Allocution d’Emmanuel Macron: Est-il possible d’espérer une amorce de changement?

  • Cette réforme est l’épreuve de trop pour ceux qui ont voté pour Emmanuel Macron contre Marine Le Pen en 2022
  • Le timing de cette réforme est absolument «désastreux»

PARIS: Quelques heures à peine après la validation par le Conseil constitutionnel de l’essentiel de la réforme des retraites, le président, Emmanuel Macron, y apposait sa signature.

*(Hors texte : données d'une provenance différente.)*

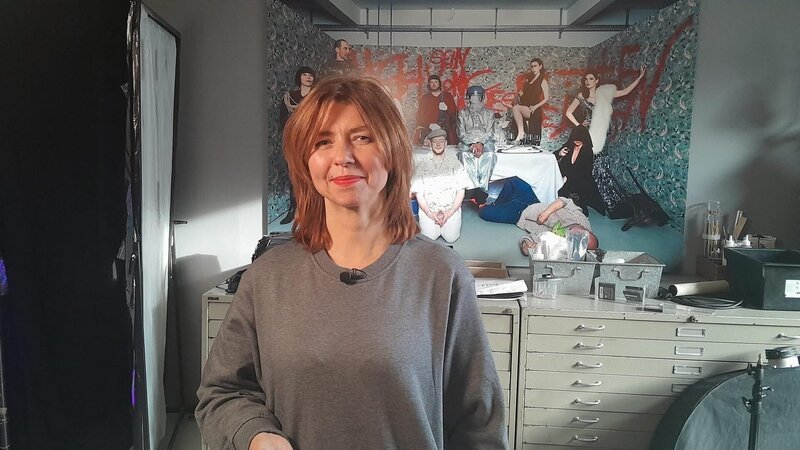 Klaudia Taday ist eine erfolgreiche People-Fotografin und Foto-Künstlerin, die nichts so sehr liebt, wie den perfekten Moment hinter ihrem Objektiv einzufangen. – Bild: RTL /​ Filet Film /​ Kunst-Besessen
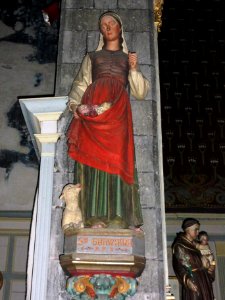 Avesnes-sur-Helpe (Nord, Fr) la collegiale statue Ste Germaine de Pibrac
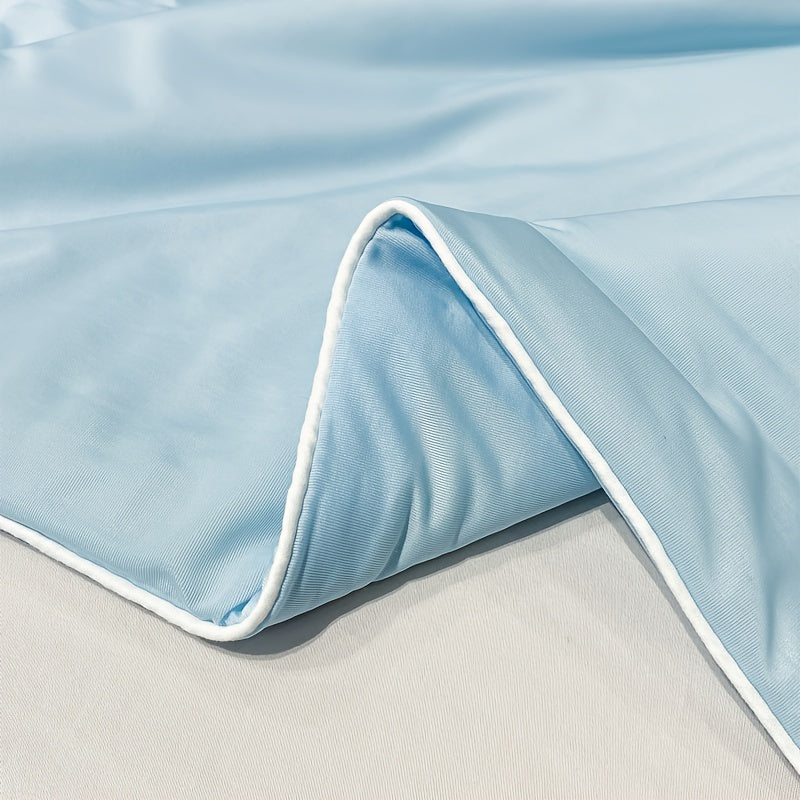 Cool down with our 1 piece Cool Feeling Blanket, perfect for hot sleepers. This lightweight and large summer cover blanket is designed to keep you cool all night long. With its ability to absorb heat and breathable, smooth fabric, this cooling blanket is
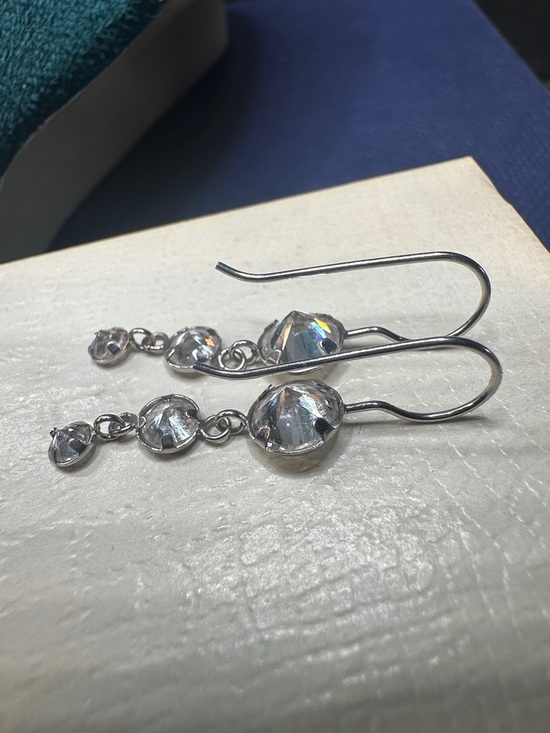 14k White Gold Three Drop Earrings. - Picture 6 of 9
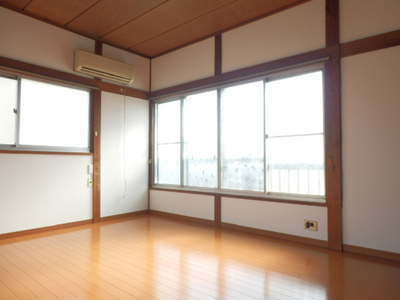 Living and room. Renovation want and the floor of the West 7.5 Pledge Western-style from the carpet to the flooring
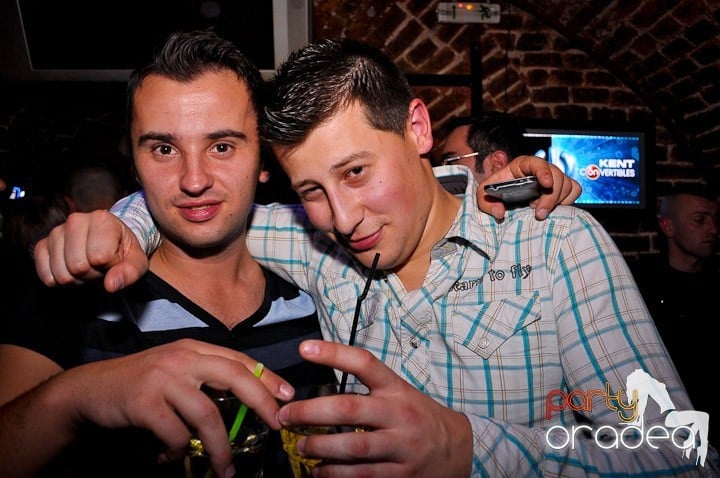 Club Escape vineri noaptea,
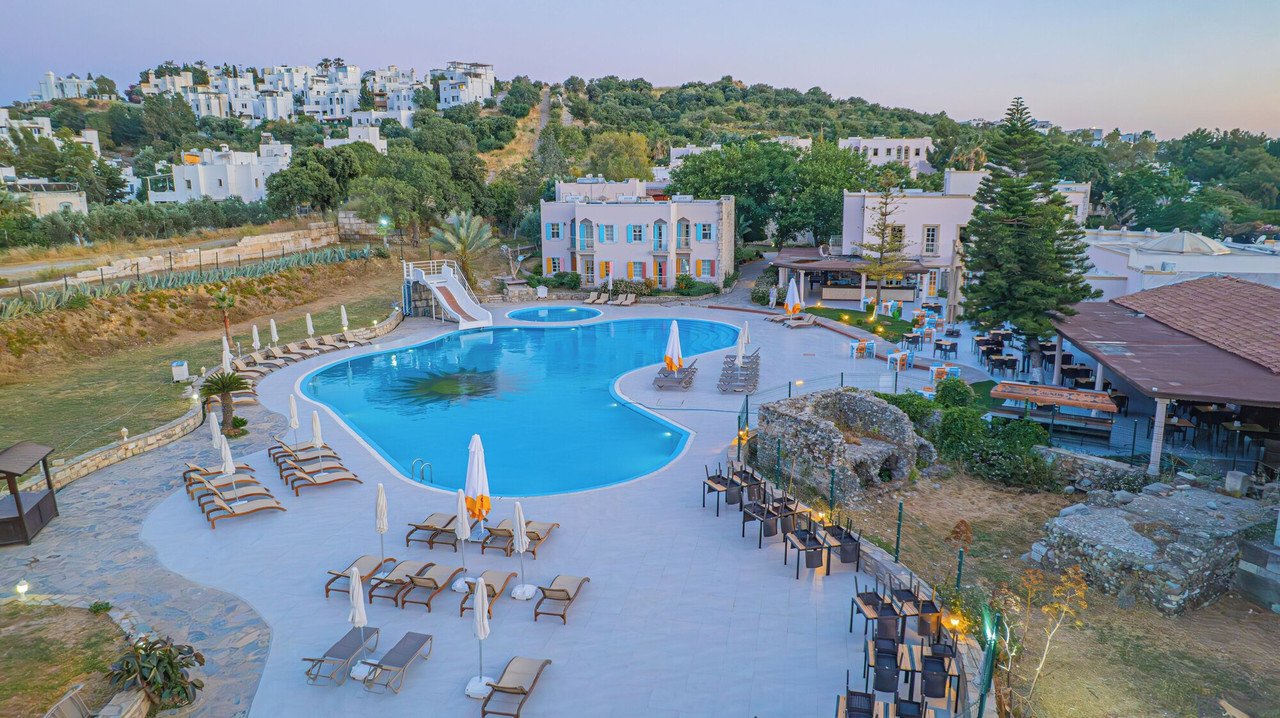 Alexander The Great Resort & Spa photo 2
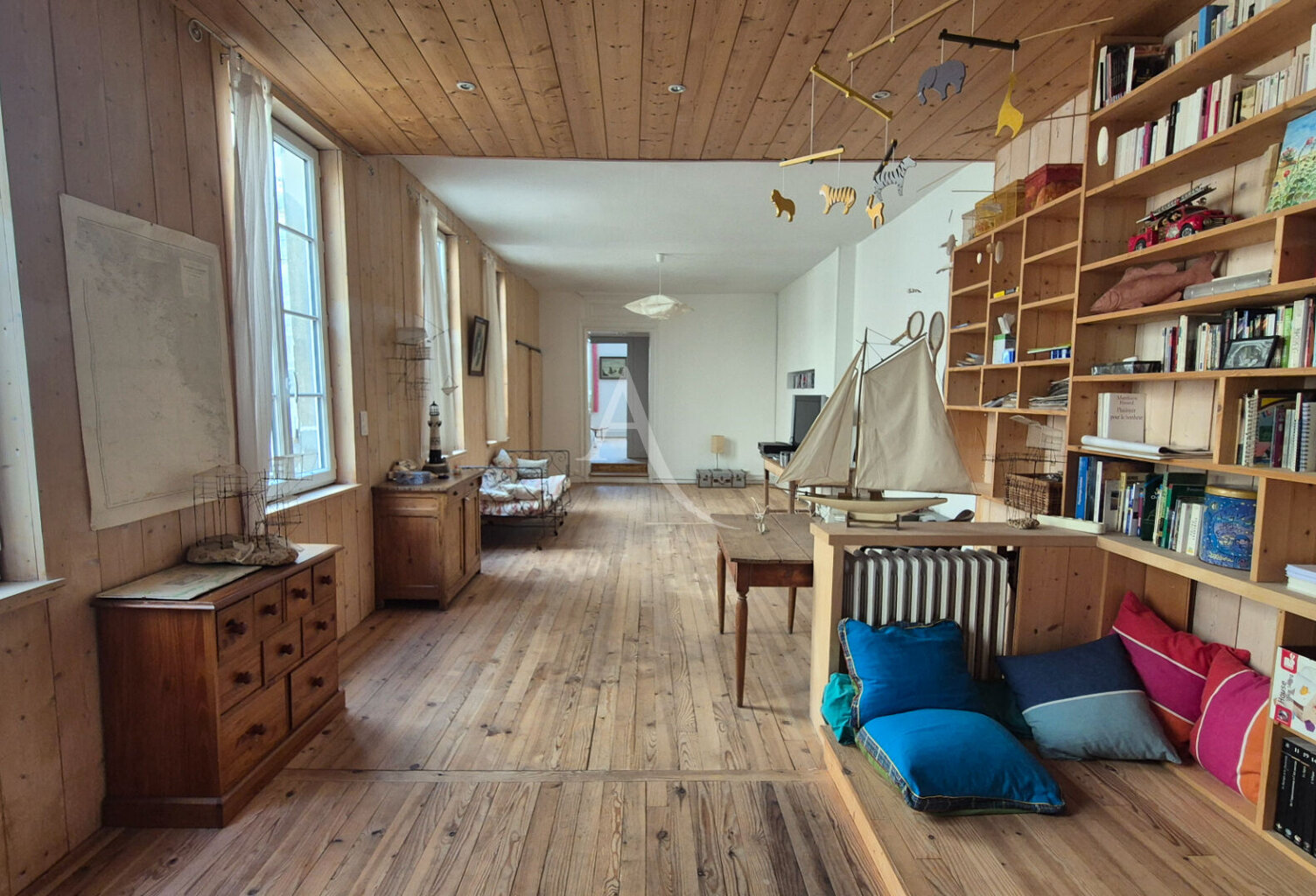 Appartement à vendre Rochefort centre-ville . Proche Place Colbert . Grenier aménageable — photo 1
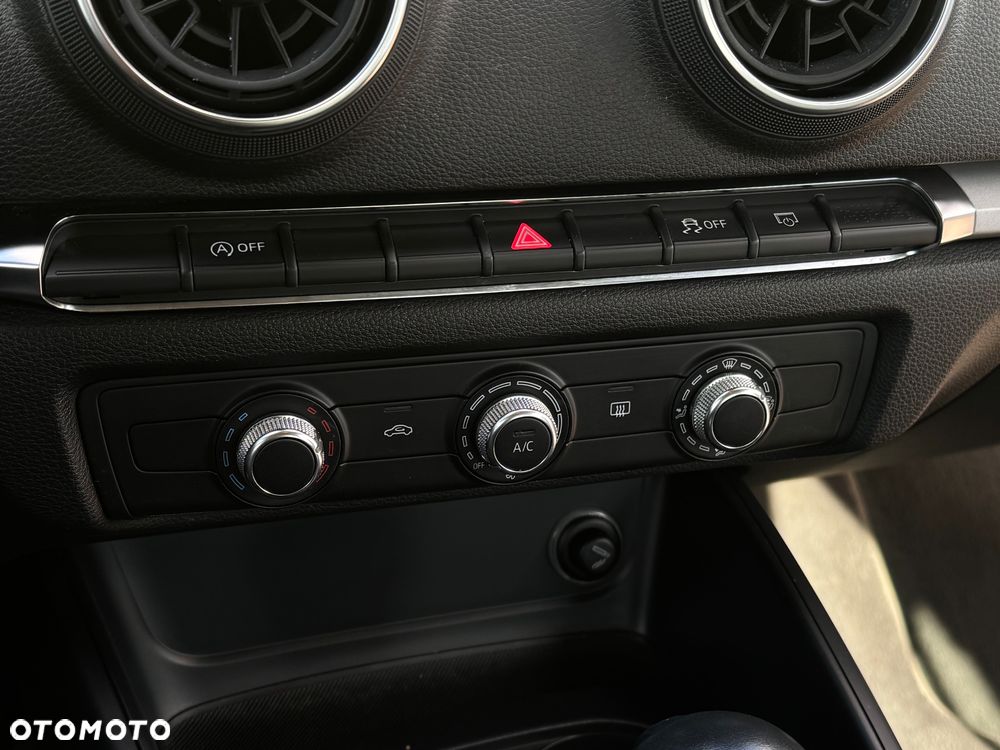 Audi A3 Sportback 30 TFSI S tronic design - 27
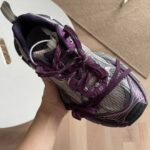 Scarpa da corsa moderna viola e grigia con suola antiscivolo e supporto per alte prestazioni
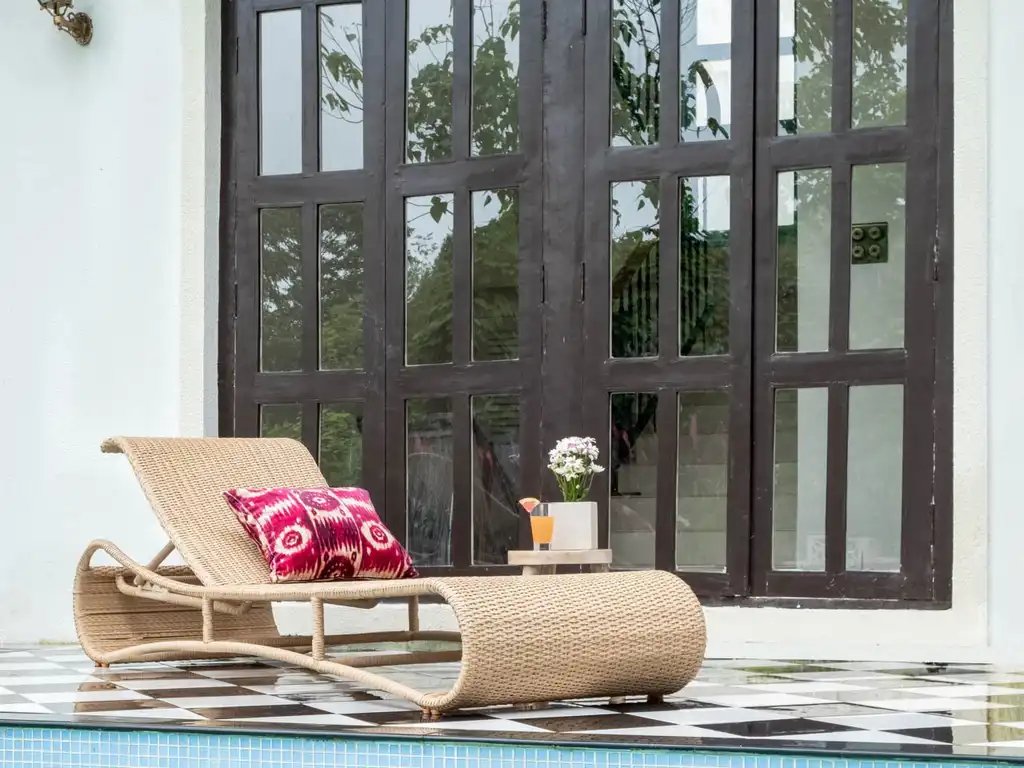 Castello Villa 6 - Pool Side Seating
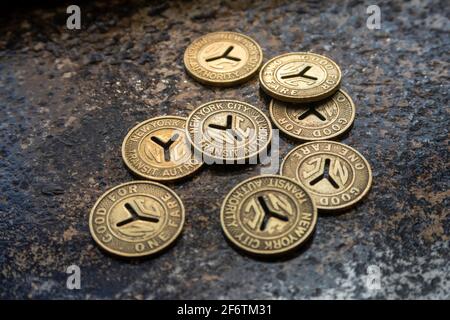 Stillleben der "kleinen Y U-Bahn-Token" in den Jahren 1950s und 1960s, New York City, USA Stockfoto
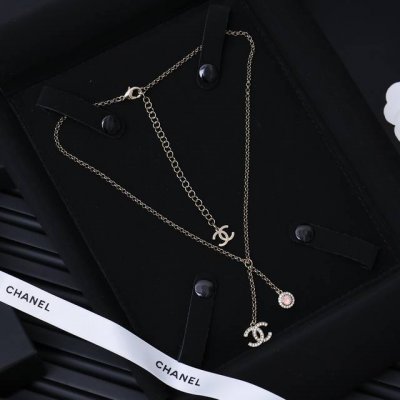 chanel双C粉钻项链 春夏度假单品 项链经典双C字母搭配粉钻 可爱俏皮甜美单品♀
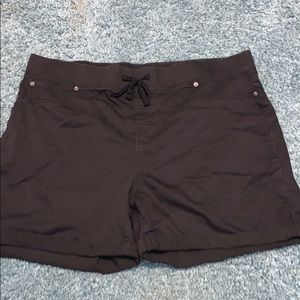 🖤🖤🖤Cuffed Shorts🖤🖤🖤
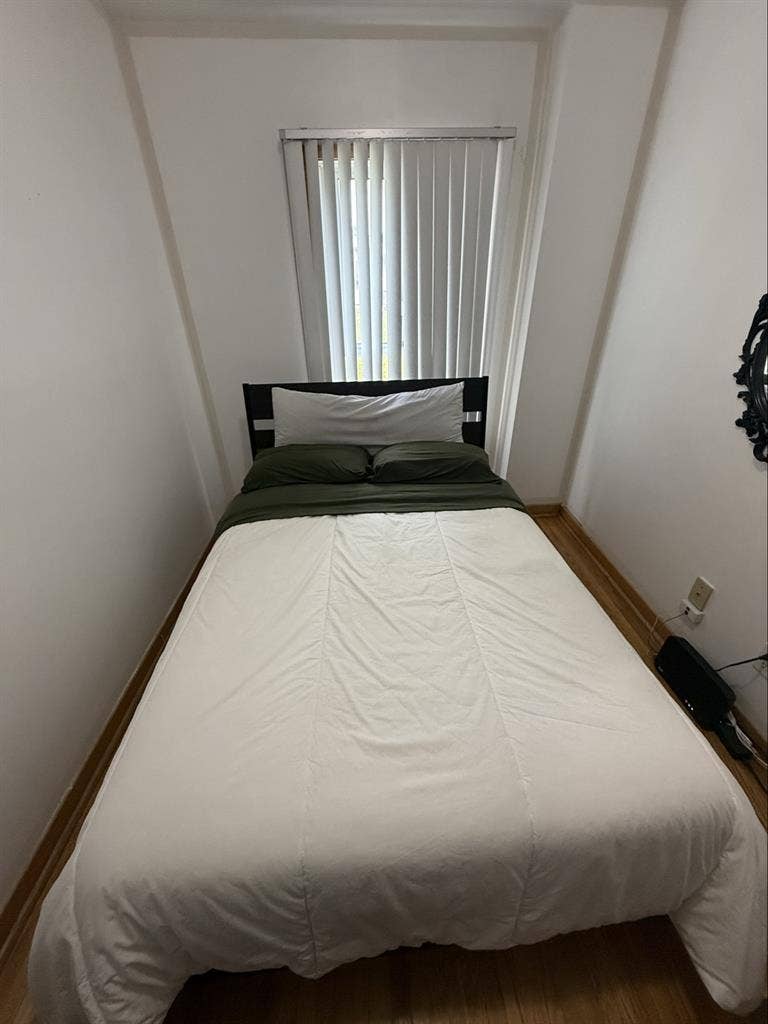 Private room for lease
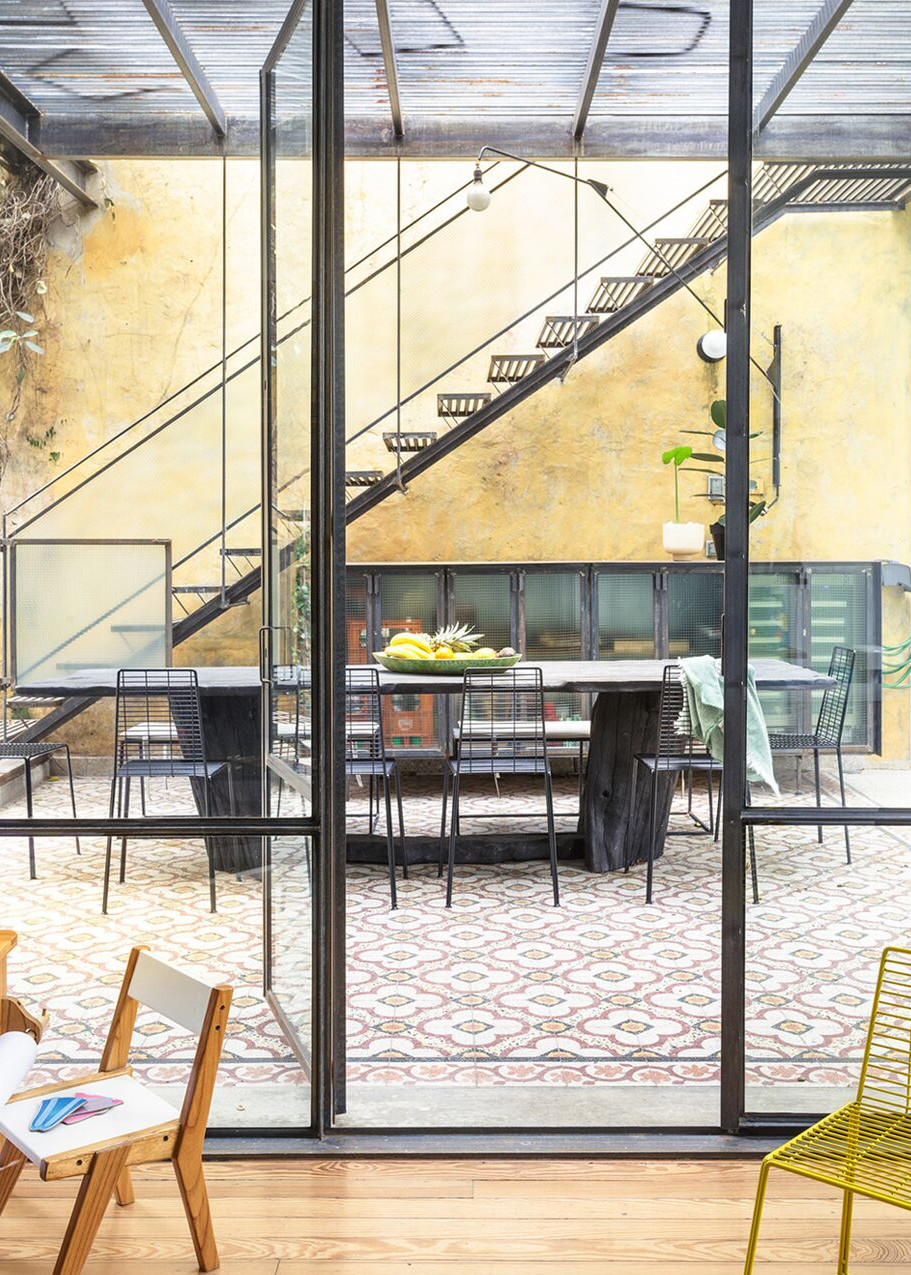 salon sur patio avec verrière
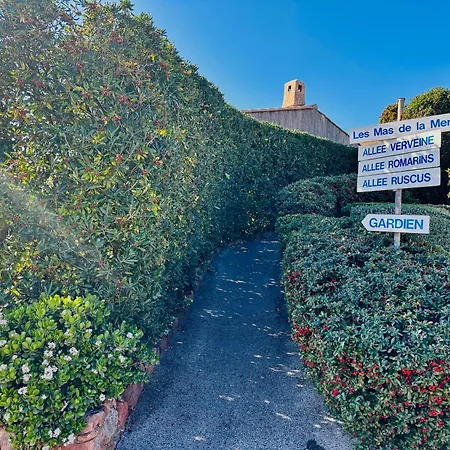 Apartament Deux Pieces Avec Vue Imprenable Sur La Crique Notre-dame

Le texte, décrié par une majorité de Français comme injuste, mal préparé et brutal, est désormais un fait accompli. 

Cette signature devait mettre un terme à plusieurs mois de polémiques virulentes et de protestations durant lesquels M. Macron a proclamé haut et fort qu’il ne lâcherait rien. 

La réalité du pays est tout autre, car la France est plus que jamais vent debout contre la réforme et contre un président qui n’a pas su préserver le raz-de-marée de sympathie qui l’a porté au pouvoir lors de son premier mandat en 2017. 

Ce capital s’est érodé au fil des crises successives, et la France est aujourd’hui un pays figé dans ses divisions alors qu’Emmanuel Macron, lui, est un chef d’État qui cristallise tous les rejets des Français. 

Sur le papier, il est gagnant puisque sa réforme des retraites est promulguée, mais en réalité, il se retrouve paralysé politiquement et isolé de son peuple. 

Ce résultat n’est ni le fruit de la malchance ni celui du hasard, c’est l’aboutissement inévitable de la méthode Macron. 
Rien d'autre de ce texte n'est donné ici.